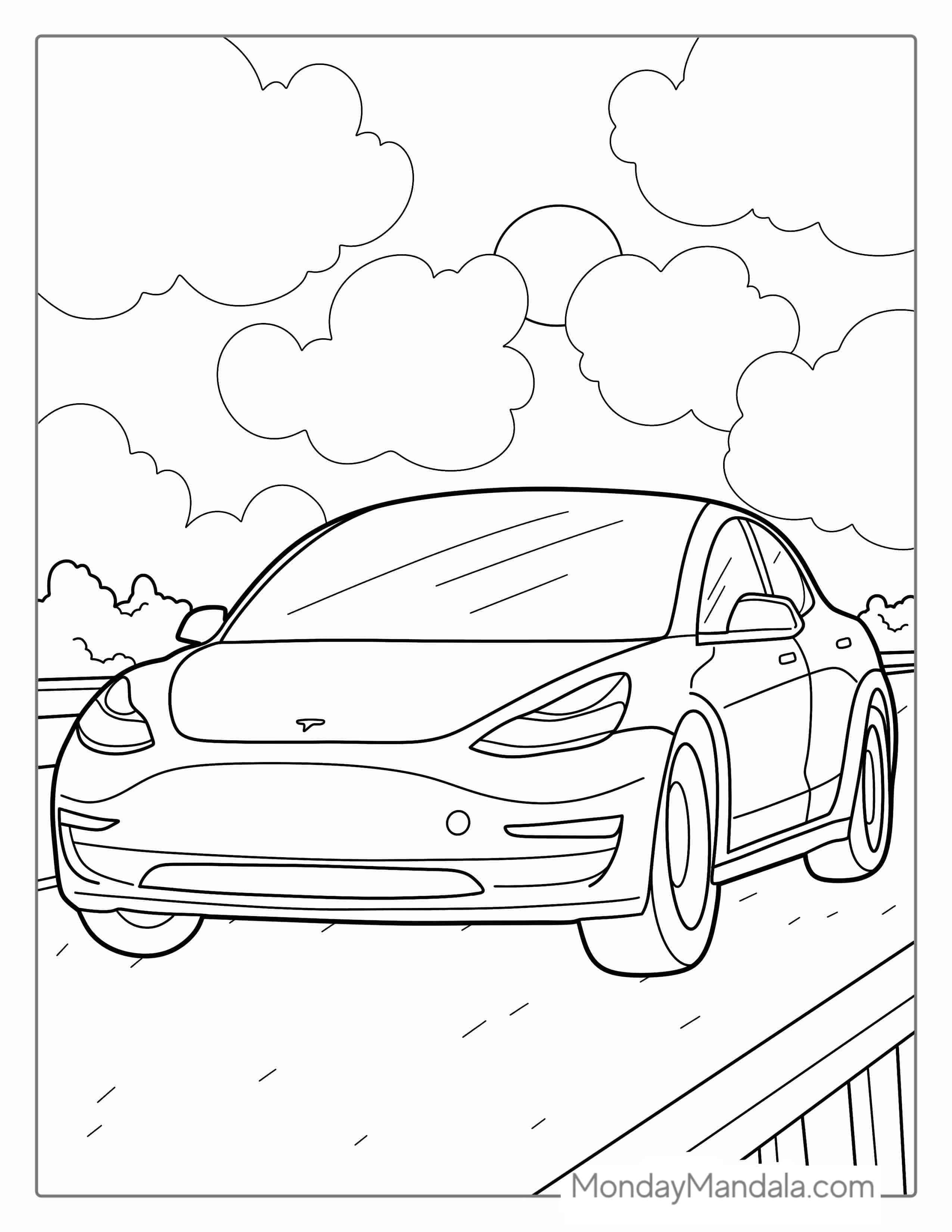Coloring Page Of Tesla Model Y coloring page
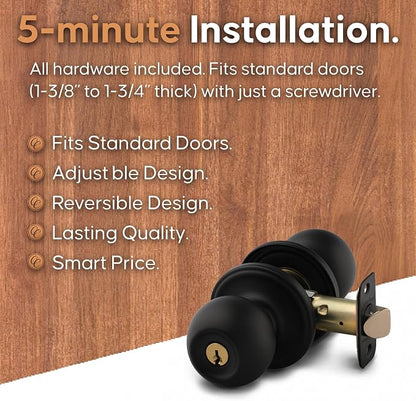 Copper Creek Entry Door Knob – Keyed Entry Handle with Lock and Key, ANSI Grade-3 Certified, DIY-Friendly Install for Interior and Exterior Entrance Doors – Matte Black (1 Pack)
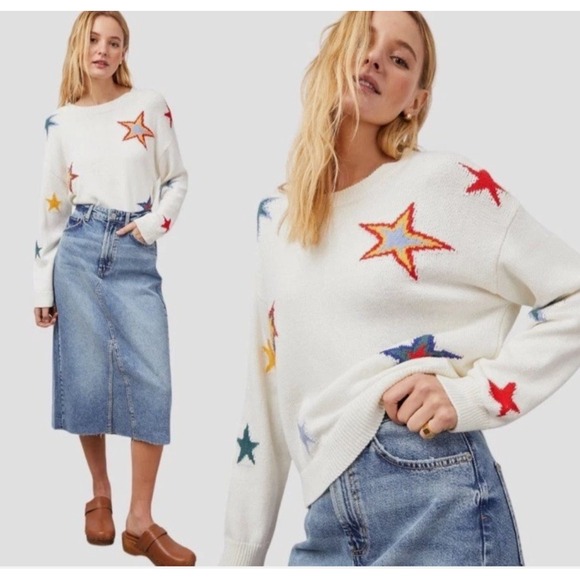 Rails Sweaters - Rails Perci Multi Stars Cotton Cashmere Crewneck Sweater White XS 892-336-4712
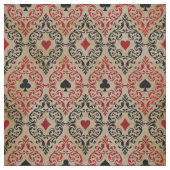 Kartenspiel-Anzug und Rollen auf Tan Stoff (Muster)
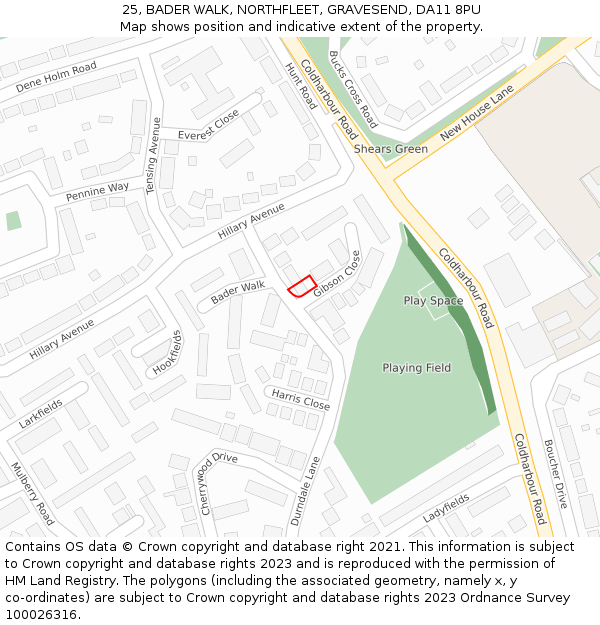25, BADER WALK, NORTHFLEET, GRAVESEND, DA11 8PU: Location map and indicative extent of plot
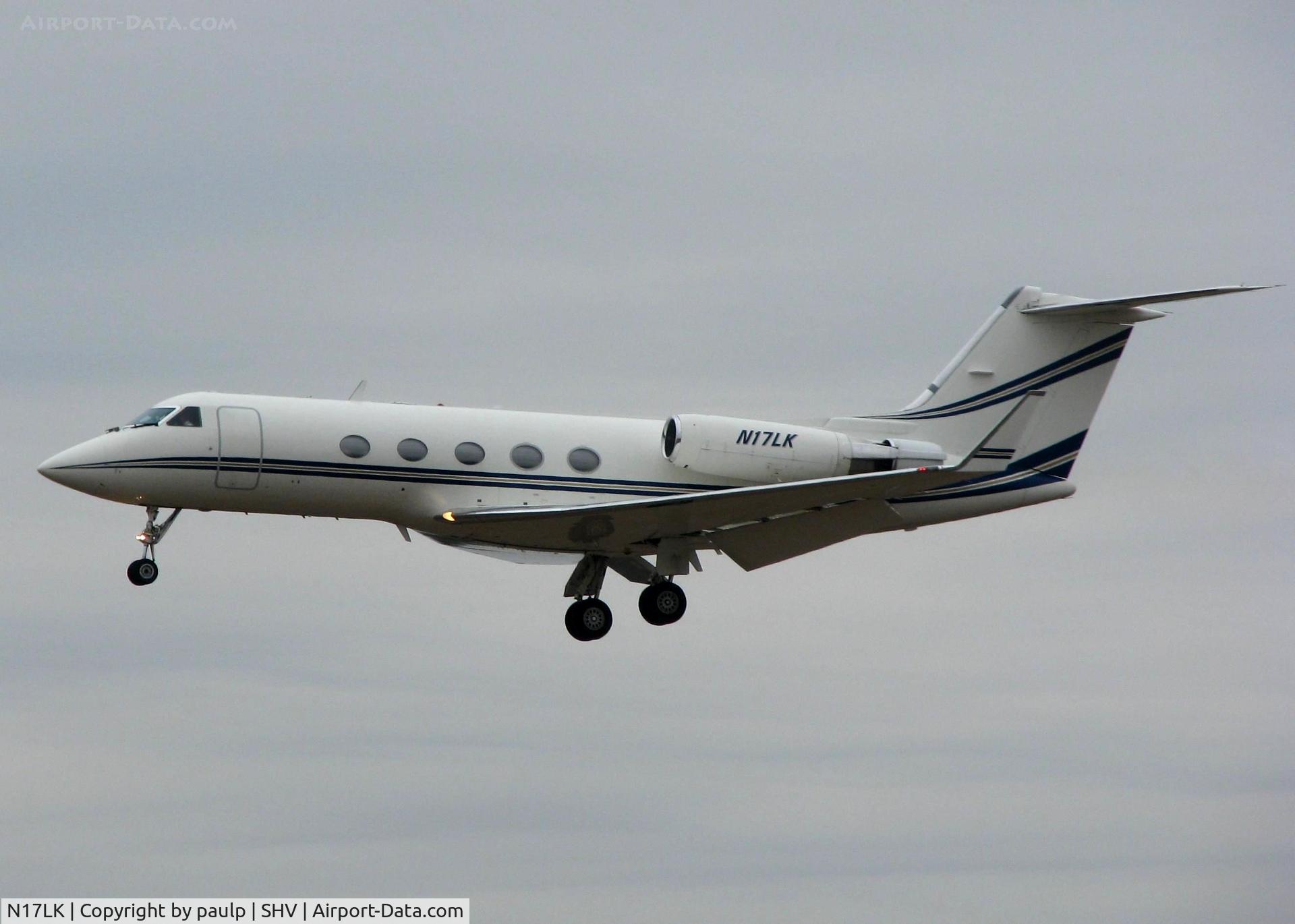 N17LK, 1984 Gulfstream Aerospace G-1159A Gulfstream III C/N 431, Landing at Shreveport Regional.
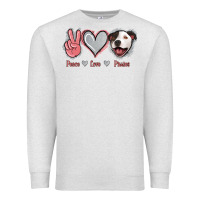 Oatmeal Heather Peace Love Pitties Premium Sweatshirt - Jasminsmagicworld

- - - -

_Task details_.
What are the lines in the records above, word for word, from the one containing "Copper Creek Entry" through the one containing "25, BADER WALK, NORTHFLEET, GRAVESEND, DA11", both ends included and pictures left out?

_Result below_.
 Copper Creek Entry Door Knob – Keyed Entry Handle with Lock and Key, ANSI Grade-3 Certified, DIY-Friendly Install for Interior and Exterior Entrance Doors – Matte Black (1 Pack)
 Rails Sweaters - Rails Perci Multi Stars Cotton Cashmere Crewneck Sweater White XS 892-336-4712
 Kartenspiel-Anzug und Rollen auf Tan Stoff (Muster)
25, BADER WALK, NORTHFLEET, GRAVESEND, DA11 8PU: Location map and indicative extent of plot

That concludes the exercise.